Short text fragments from websites:
___

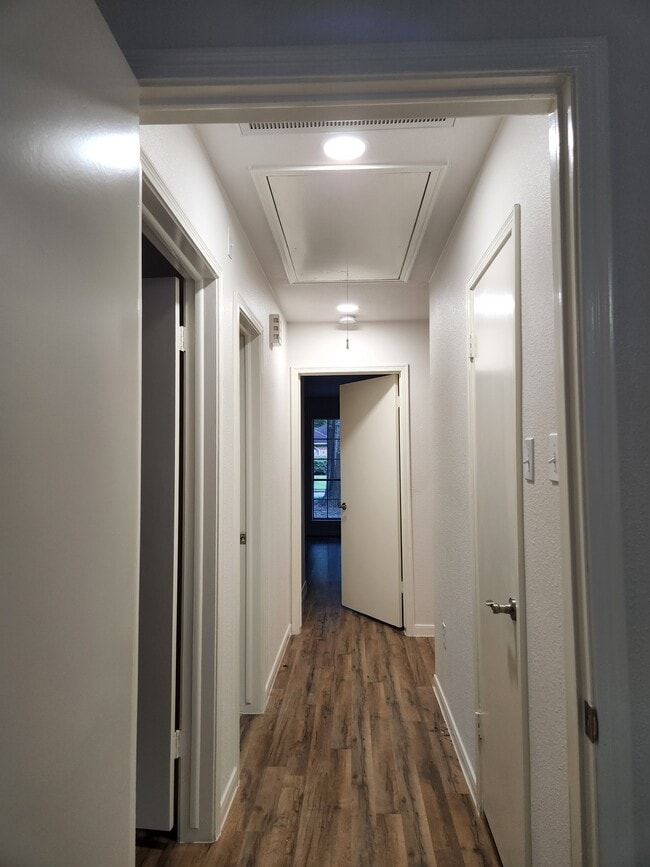 Foto del edificio - 10310 Pine Pass Dr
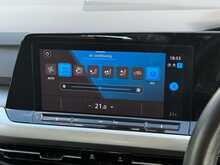 Volkswagen Golf TSI Life 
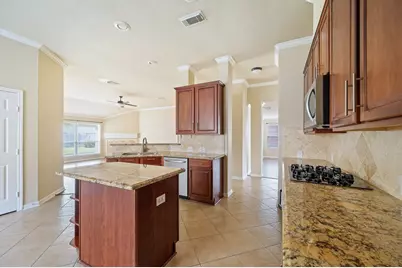 9515 Denfield Court, Houston, TX 77070 - Photo 14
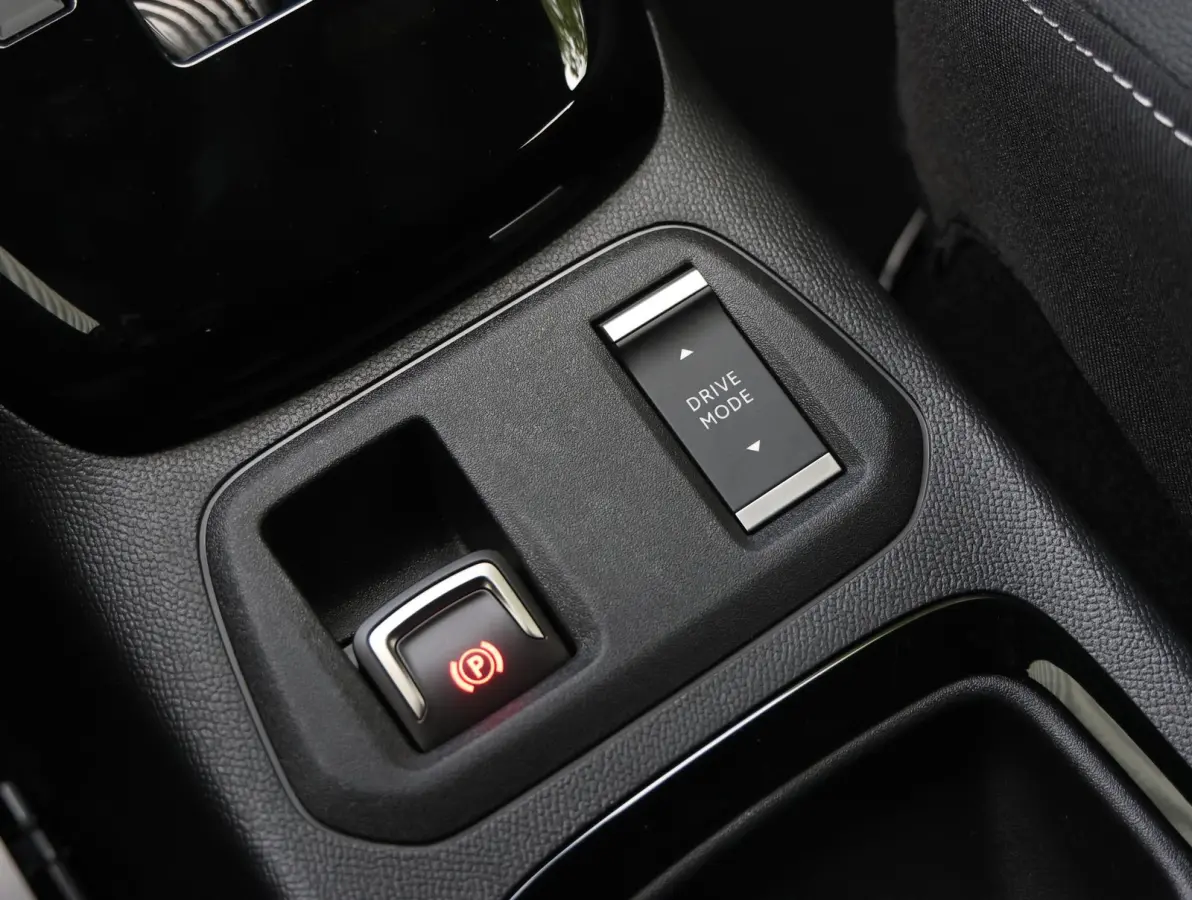 1.2 Turbo Hybrid GS | Navigatie | Achteruitrijcamera | Climate Control | Dodehoek Detectie | Apple CarPlay/AndroidAuto | Keyless Entry/Start |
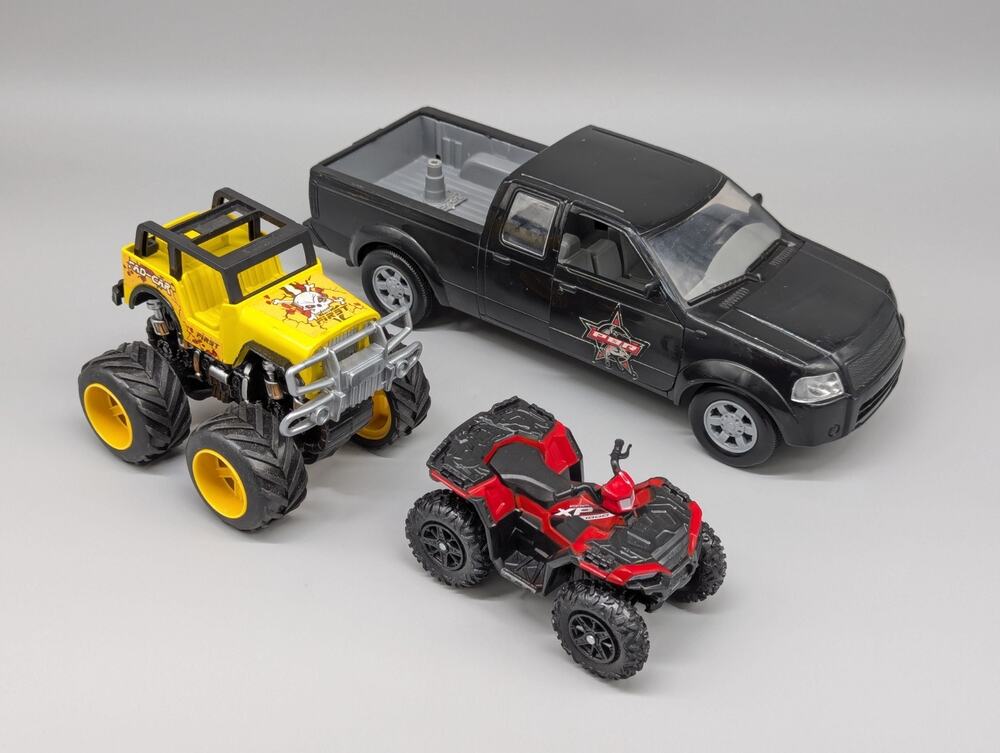 New Ray Ford F-350 PBR Dually Professional Bull Riding Truck 1:32 + ATV + More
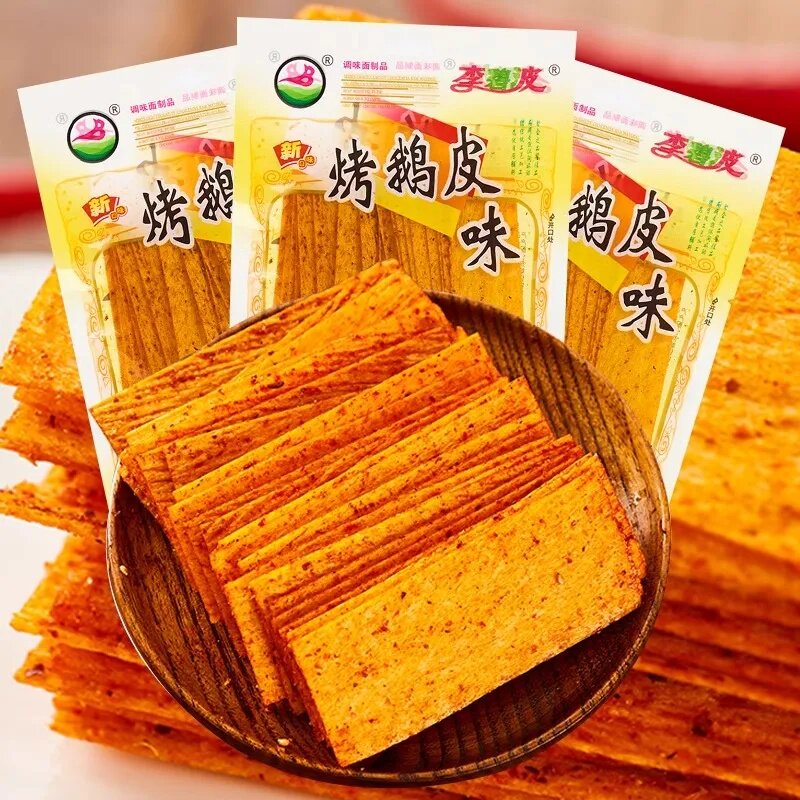 8090儿时怀旧烤鹅皮味辣片李碧波辣条湖南麻辣小时候批发零食小吃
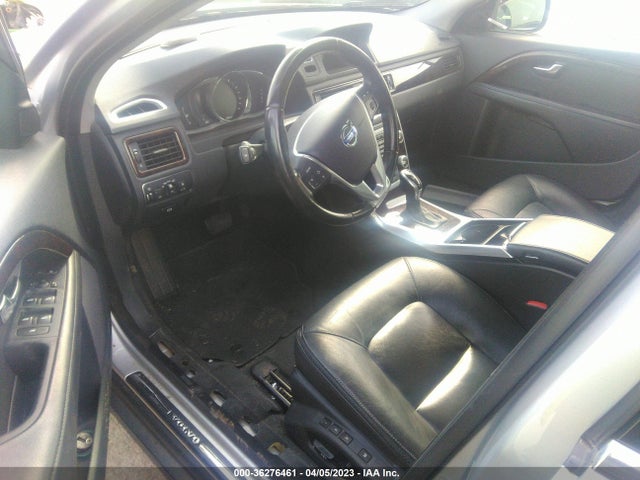 2016 Volvo XC70, VIN: YV4612NK7G1240323
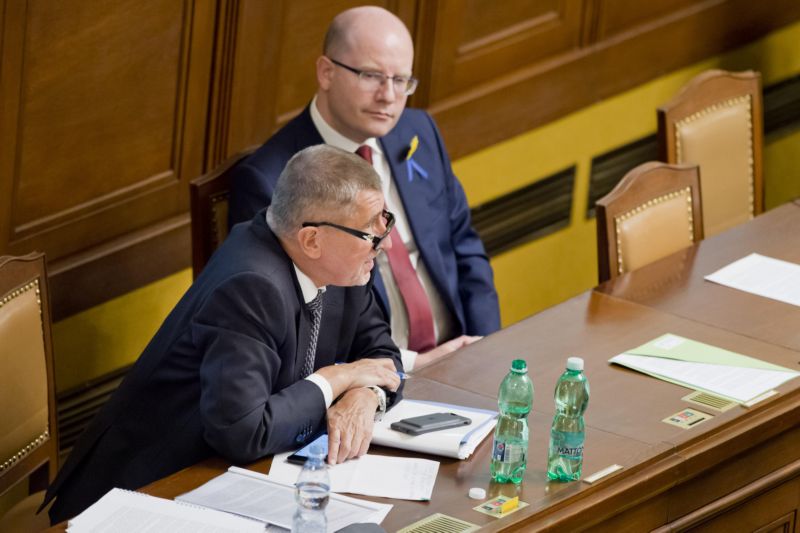 Ministr financí Andrej Babiš (vlevo) a premiér Bohuslav Sobotka.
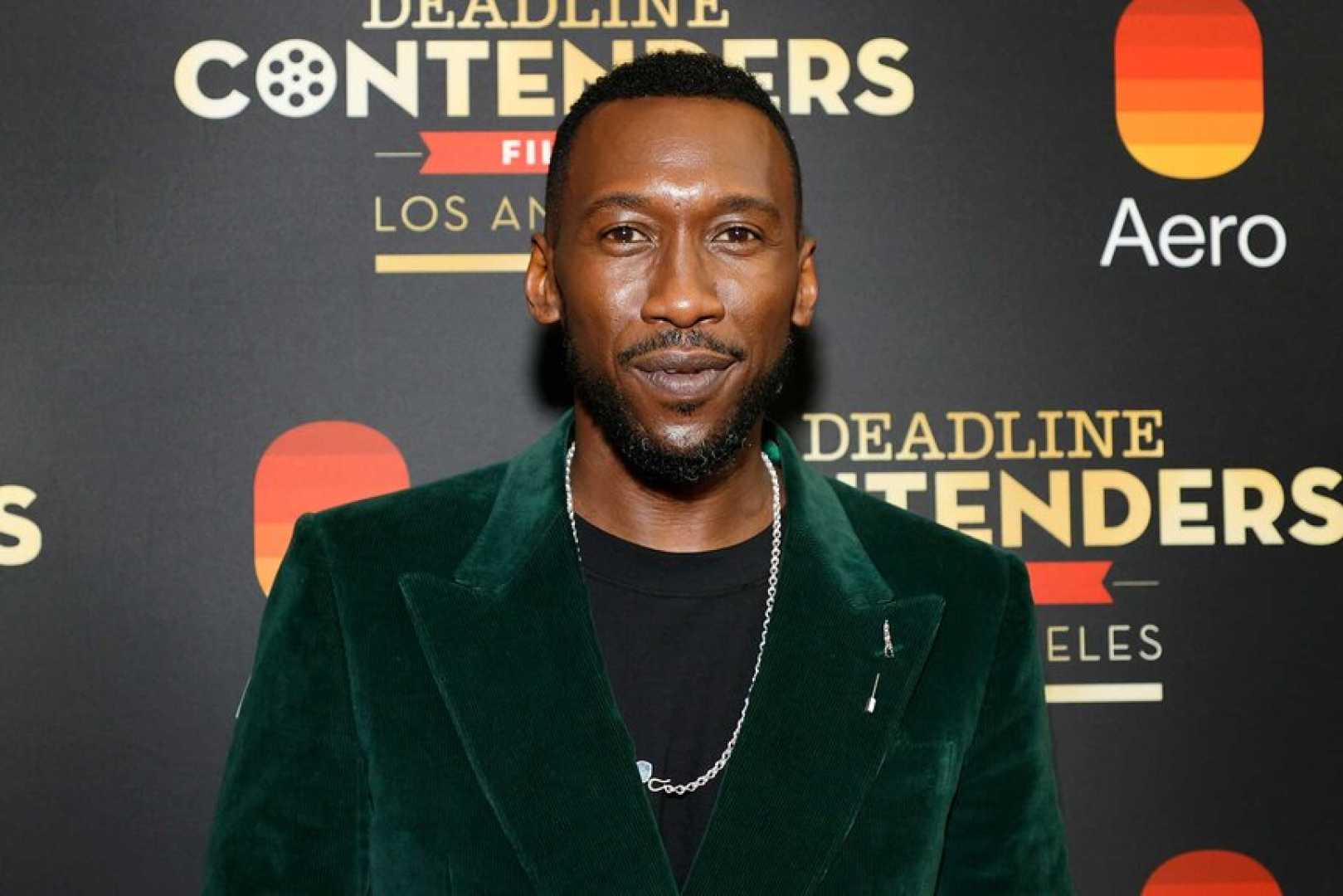 Actor Name Flip Flops Jurassic World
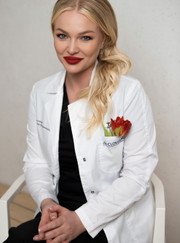 Косметолог, пластический хирург Карина Владимировна Дельнова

___

Return only the lines from the line containing "1.2 Turbo Hybrid" through the last line of the records above, both ends included, exactly as written, leaving pictures out.

### Worked solution
 1.2 Turbo Hybrid GS | Navigatie | Achteruitrijcamera | Climate Control | Dodehoek Detectie | Apple CarPlay/AndroidAuto | Keyless Entry/Start |
 New Ray Ford F-350 PBR Dually Professional Bull Riding Truck 1:32 + ATV + More
 8090儿时怀旧烤鹅皮味辣片李碧波辣条湖南麻辣小时候批发零食小吃
 2016 Volvo XC70, VIN: YV4612NK7G1240323
 Ministr financí Andrej Babiš (vlevo) a premiér Bohuslav Sobotka.
 Actor Name Flip Flops Jurassic World
 Косметолог, пластический хирург Карина Владимировна Дельнова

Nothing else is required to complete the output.